About this exercise: The copy you give must match the records exactly, except that it holds no images.

Data for analysis:
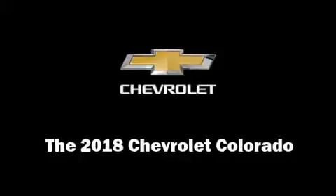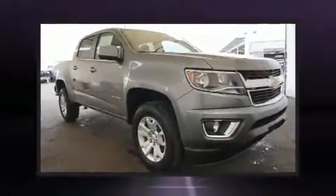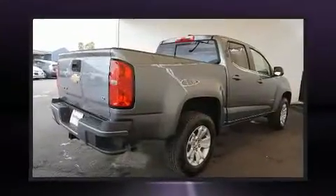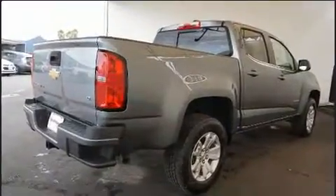Climb inside the 2018 Chevrolet Colorado. This four-door, five-passenger truck is waiting for you to take home. It features an automatic transmission, rear-wheel drive, and a refined six-cylinder engine.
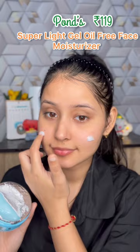It's Pond's Super Light Gel Oil Free Face Moisturizer, and this is Nivea Lip Balm. Please subscribe to Jeli's channel.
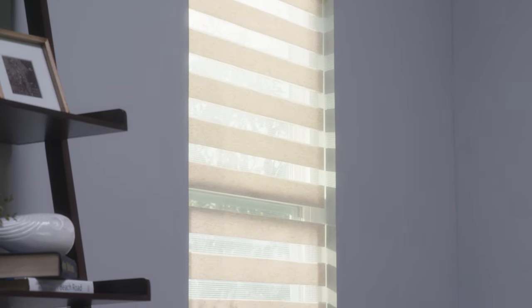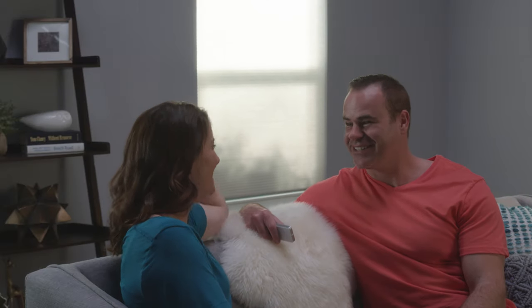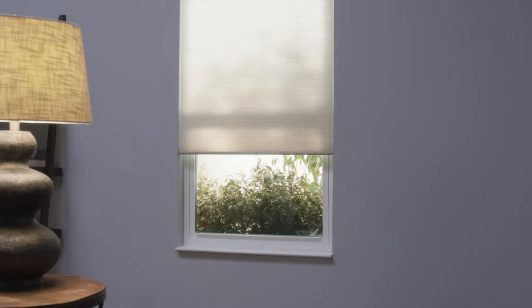And no cords means a safer living space for your pets and kids. Motorized shades are the ideal option for those hard-to-reach windows. Blindster offers these top-quality shades in a variety of treatments, all at a modest price. Order your motorized shades from Blindster today.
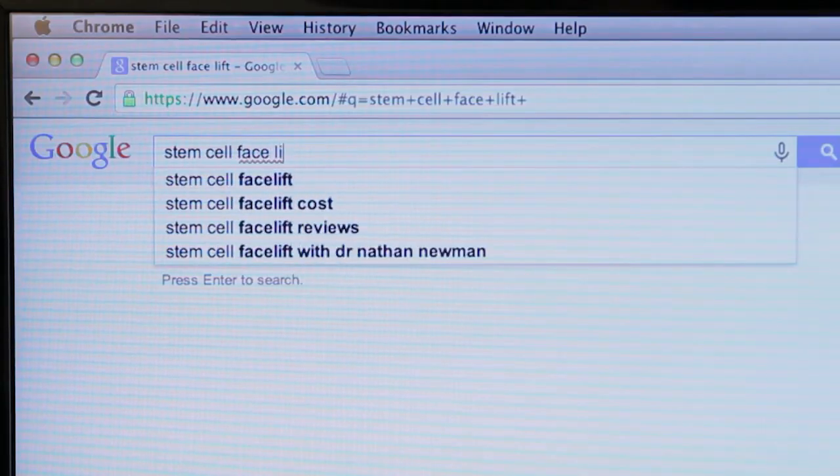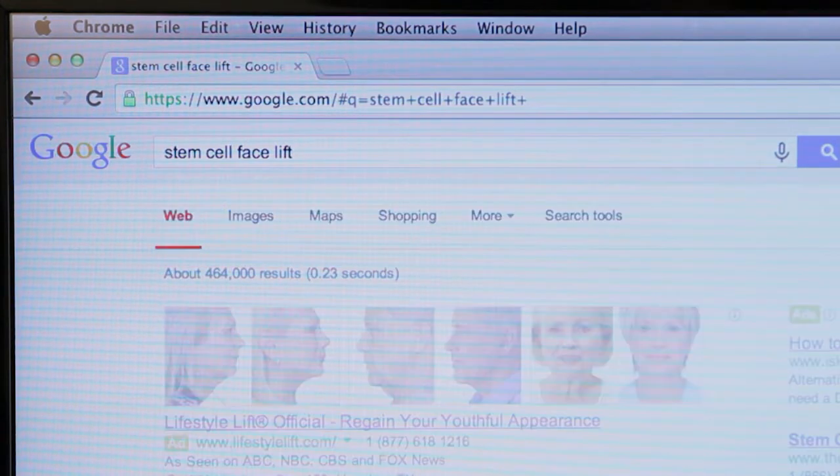Here's the problem for consumers: if you do a Google search of stem cell facelift, you'll find that there are lots of doctors doing this procedure. There are even some doctors trying to trademark what they're doing — that's really confusing for consumers. And right now, the peer review is still out on this.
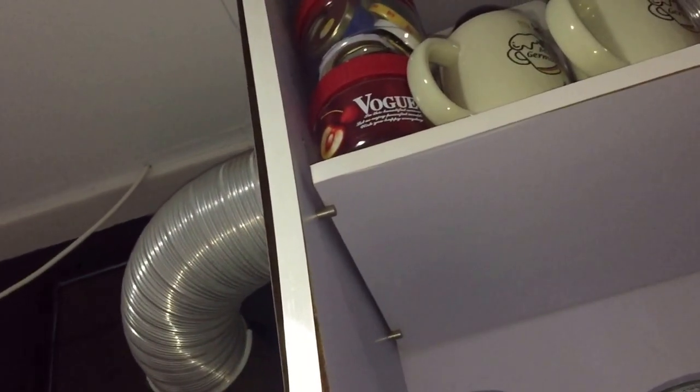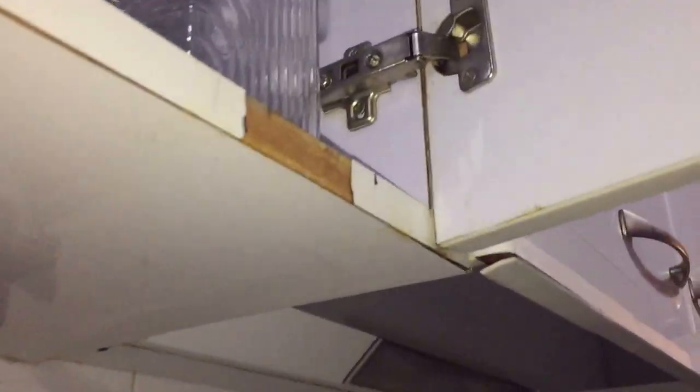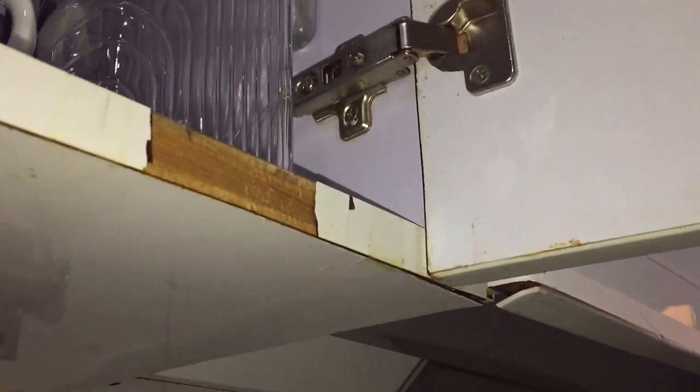Apparently our helper was doing something — maybe opening or closing the door — and this happened. Just goes to show how cheaply some of these hinges are made and how cheaply some of these cabinets are installed.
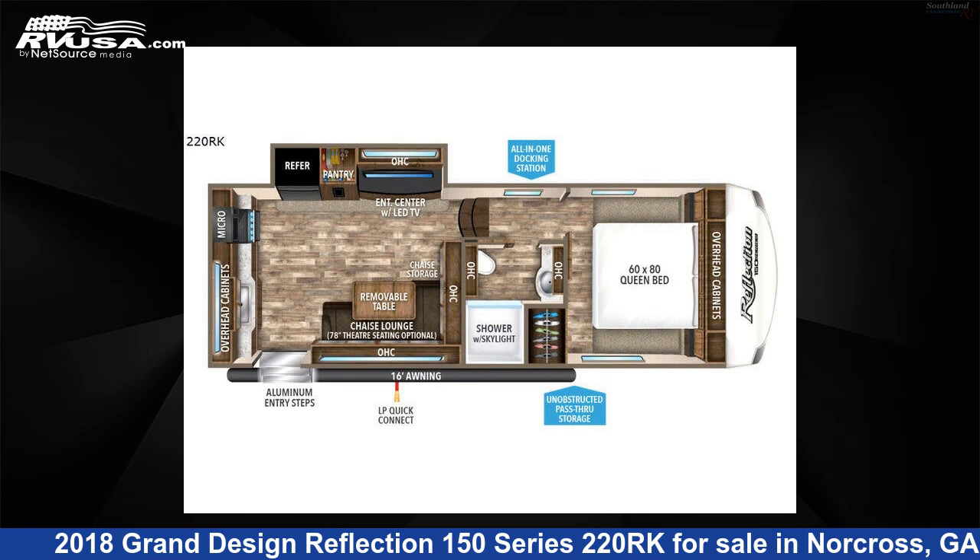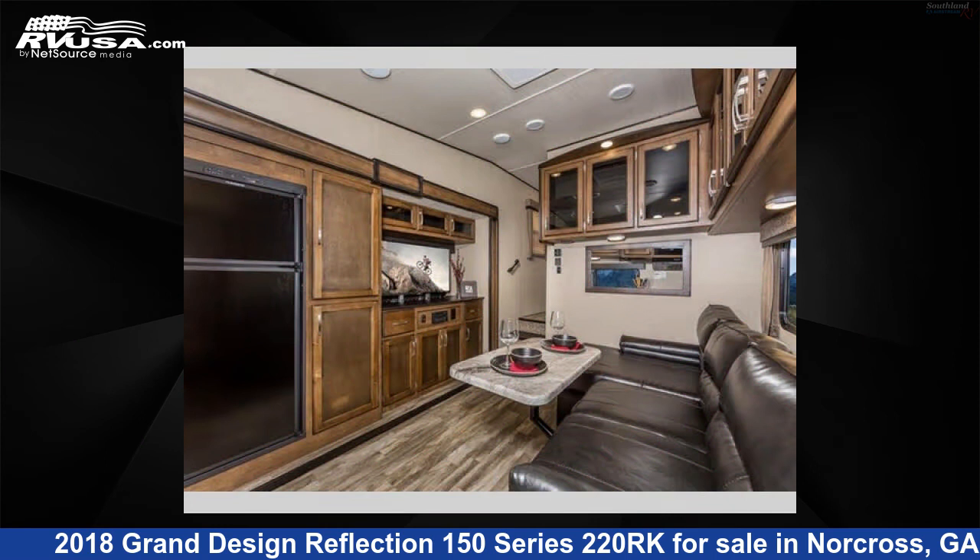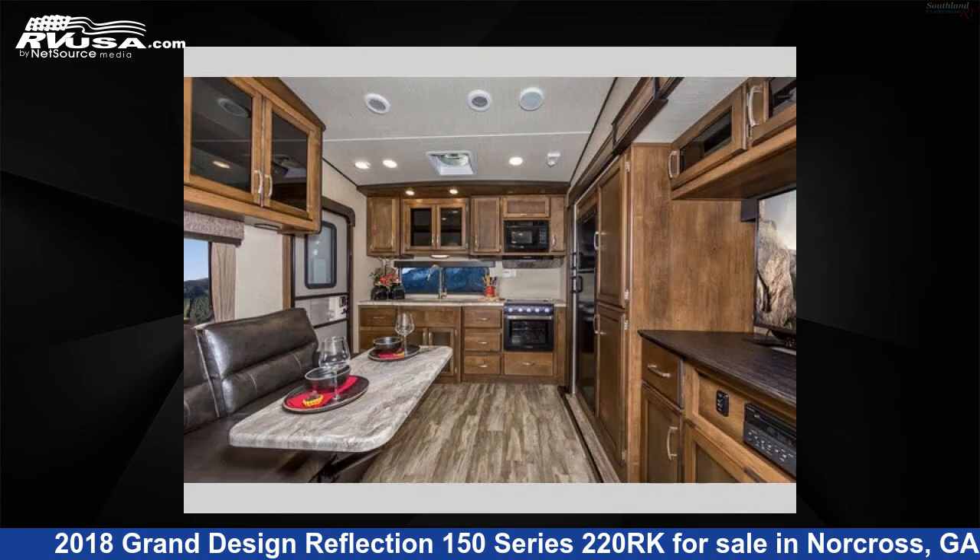This 2018 Grand Design Reflection 150 Series 220RK is a fifth-wheel RV. It is located in Norcross, Georgia 30071, and is offered for sale by Southland RV.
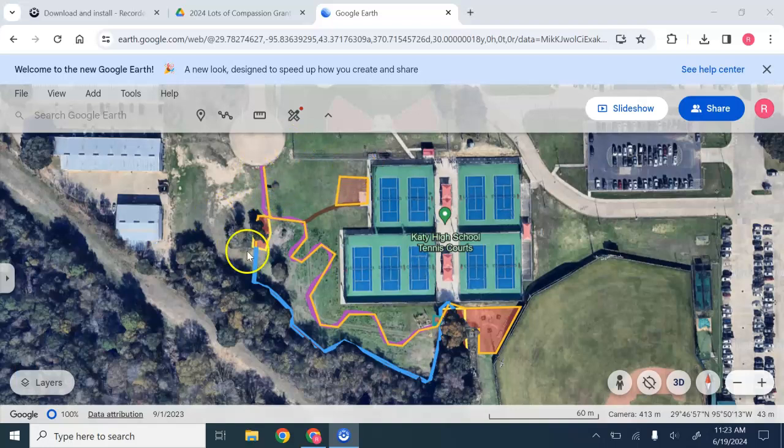This is the back of our campus at Katy High School. We have the tennis courts, public access through a cul-de-sac, and a really nice tree line here.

Solution to this task:
Climb inside the 2018 Chevrolet Colorado. This four-door, five-passenger truck is waiting for you to take home. It features an automatic transmission, rear-wheel drive, and a refined six-cylinder engine.
It's Pond's Super Light Gel Oil Free Face Moisturizer, and this is Nivea Lip Balm. Please subscribe to Jeli's channel.
And no cords means a safer living space for your pets and kids. Motorized shades are the ideal option for those hard-to-reach windows. Blindster offers these top-quality shades in a variety of treatments, all at a modest price. Order your motorized shades from Blindster today.
Here's the problem for consumers: if you do a Google search of stem cell facelift, you'll find that there are lots of doctors doing this procedure. There are even some doctors trying to trademark what they're doing — that's really confusing for consumers. And right now, the peer review is still out on this.
Apparently our helper was doing something — maybe opening or closing the door — and this happened. Just goes to show how cheaply some of these hinges are made and how cheaply some of these cabinets are installed.
This 2018 Grand Design Reflection 150 Series 220RK is a fifth-wheel RV. It is located in Norcross, Georgia 30071, and is offered for sale by Southland RV.
This is the back of our campus at Katy High School. We have the tennis courts, public access through a cul-de-sac, and a really nice tree line here.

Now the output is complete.